What does NAG Provide?
Although conceptually simple, AD (and ajoint/ AAD in particular) is demanding to apply to a non-trivial code. When AD is used in production, high-performance, robust and flexible tools are essential to get the code running quickly and to keep it maintainable. In addition it is clear that external library dependencies break AD, since AD operates at source code level. A production AD tool must have a way to handle these dependencies, ideally by being applied to the underlying (3rd party) source to create a full AD solution.
NAG provides a best-in-class C++/Fortran operator-overloading AD tool called dco (derivative computation through overloading). This has been used on production codes numbering in the millions of lines and running on platforms ranging from single threaded desktops to large supercomputers.
- The dco tool is developed jointly by NAG and RWTH Aachen, integrates easily with your code base and is extremely flexible
- The flexibility is crucial since it allows the memory use of adjoint codes to be constrained almost arbitrarily
- It also allows a dco adjoint calculation to use accelerators such as GPGPUs
NAG provides AD versions of mathematical and statistical algorithms such as those found in the NAG Library. NAG delivers AD solvers that may be used with NAG's AD tool as well as Adjoint Solvers that will work with third party AD solvers and handwritten adjoint codes.
NAG in partnership with RWTH Aachen University provides consulting services, training, software and support to develop AD solutions for clients. NAG has delivered AD training to several large financial institutions to give them a solid grounding in the mathematical, computer science and computational aspects of AD, common pitfalls and techniques for working around them, as well as various tricks and optimizations. NAG has also helped to embed AD tools into large Tier 1 quantitative finance libraries and has helped overcome particular memory constraints in large adjoint codes.
NAG Fortran Compiler for AD
For simulation programs written in Fortran a version of the NAG Fortran compiler has been extended to serve as a pre-processor to dco. The seamless integration of AD into a complex build system is facilitated. Hence, the amount of modifications to be made by the user in the original source code can be minimized or even be eliminated entirely.
How to try AD
The principles of AD in the context of computational finance and techniques for avoiding memory problems in adjoint codes is discussed in NAG Technical Report TR3/14 (3).

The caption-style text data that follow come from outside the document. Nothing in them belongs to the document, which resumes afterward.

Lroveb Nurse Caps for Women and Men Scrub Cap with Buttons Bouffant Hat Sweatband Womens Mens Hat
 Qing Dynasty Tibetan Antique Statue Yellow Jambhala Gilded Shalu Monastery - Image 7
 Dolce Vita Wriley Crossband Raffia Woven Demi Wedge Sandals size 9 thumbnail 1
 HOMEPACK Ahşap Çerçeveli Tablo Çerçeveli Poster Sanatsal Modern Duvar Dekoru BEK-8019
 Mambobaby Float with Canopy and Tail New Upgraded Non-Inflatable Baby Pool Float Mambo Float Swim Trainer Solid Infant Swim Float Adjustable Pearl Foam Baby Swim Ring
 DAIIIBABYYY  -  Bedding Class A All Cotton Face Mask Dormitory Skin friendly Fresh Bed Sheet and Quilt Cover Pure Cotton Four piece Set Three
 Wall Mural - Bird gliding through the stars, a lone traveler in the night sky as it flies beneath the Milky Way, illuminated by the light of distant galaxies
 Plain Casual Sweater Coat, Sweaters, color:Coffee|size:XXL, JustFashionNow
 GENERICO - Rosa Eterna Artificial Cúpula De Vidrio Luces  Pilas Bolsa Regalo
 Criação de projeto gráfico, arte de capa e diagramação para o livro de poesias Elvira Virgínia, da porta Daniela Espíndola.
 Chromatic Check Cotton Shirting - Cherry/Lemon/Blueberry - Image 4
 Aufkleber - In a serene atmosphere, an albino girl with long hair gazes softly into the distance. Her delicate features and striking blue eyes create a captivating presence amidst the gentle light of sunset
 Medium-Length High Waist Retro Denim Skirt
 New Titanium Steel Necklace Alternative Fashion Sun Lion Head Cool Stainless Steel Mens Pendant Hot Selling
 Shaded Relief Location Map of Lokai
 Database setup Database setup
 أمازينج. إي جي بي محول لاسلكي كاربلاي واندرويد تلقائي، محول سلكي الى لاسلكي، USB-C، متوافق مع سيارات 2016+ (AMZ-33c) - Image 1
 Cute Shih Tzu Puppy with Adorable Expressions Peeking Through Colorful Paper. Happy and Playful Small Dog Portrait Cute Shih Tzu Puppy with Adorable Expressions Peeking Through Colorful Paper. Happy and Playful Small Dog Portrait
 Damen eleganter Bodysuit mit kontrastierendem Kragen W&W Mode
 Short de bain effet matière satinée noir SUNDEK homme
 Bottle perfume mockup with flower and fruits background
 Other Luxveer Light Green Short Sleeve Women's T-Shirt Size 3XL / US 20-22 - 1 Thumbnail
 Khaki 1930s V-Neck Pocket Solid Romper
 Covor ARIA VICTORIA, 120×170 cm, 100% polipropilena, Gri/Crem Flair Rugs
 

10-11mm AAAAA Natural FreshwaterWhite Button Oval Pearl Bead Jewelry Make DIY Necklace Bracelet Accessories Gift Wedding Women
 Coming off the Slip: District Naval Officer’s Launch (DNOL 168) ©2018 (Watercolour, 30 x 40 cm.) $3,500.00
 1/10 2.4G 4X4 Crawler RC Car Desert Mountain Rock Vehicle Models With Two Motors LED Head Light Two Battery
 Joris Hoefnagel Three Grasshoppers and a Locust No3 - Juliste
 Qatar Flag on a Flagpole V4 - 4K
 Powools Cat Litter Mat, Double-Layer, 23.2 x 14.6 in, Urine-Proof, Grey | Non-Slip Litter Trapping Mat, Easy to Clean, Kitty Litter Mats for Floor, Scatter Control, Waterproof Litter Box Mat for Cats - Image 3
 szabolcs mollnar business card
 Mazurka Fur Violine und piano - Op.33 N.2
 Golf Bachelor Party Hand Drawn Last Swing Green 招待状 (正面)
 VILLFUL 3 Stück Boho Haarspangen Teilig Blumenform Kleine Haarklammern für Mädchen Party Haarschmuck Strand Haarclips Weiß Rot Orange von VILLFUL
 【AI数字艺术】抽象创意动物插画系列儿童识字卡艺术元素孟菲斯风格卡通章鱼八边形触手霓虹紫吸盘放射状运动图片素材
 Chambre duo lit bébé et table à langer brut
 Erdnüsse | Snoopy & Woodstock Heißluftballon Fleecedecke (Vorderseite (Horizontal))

Readers of the technical report can request the example programs it is based on. The example programs include a copy of dco and a trial licence so that readers can run the examples on their own machines, and apply dco to their own codes.
Here are some examples of what adjoint AD has enabled in various domains.
Figure 1: Sensitivity of drag coefficient to the surface geometry of a car at high speed (left) and low speed (right)
AD enables sensitivity analyses of huge simulations, enabling shape optimization, intelligent design and and comprehensive risk studies.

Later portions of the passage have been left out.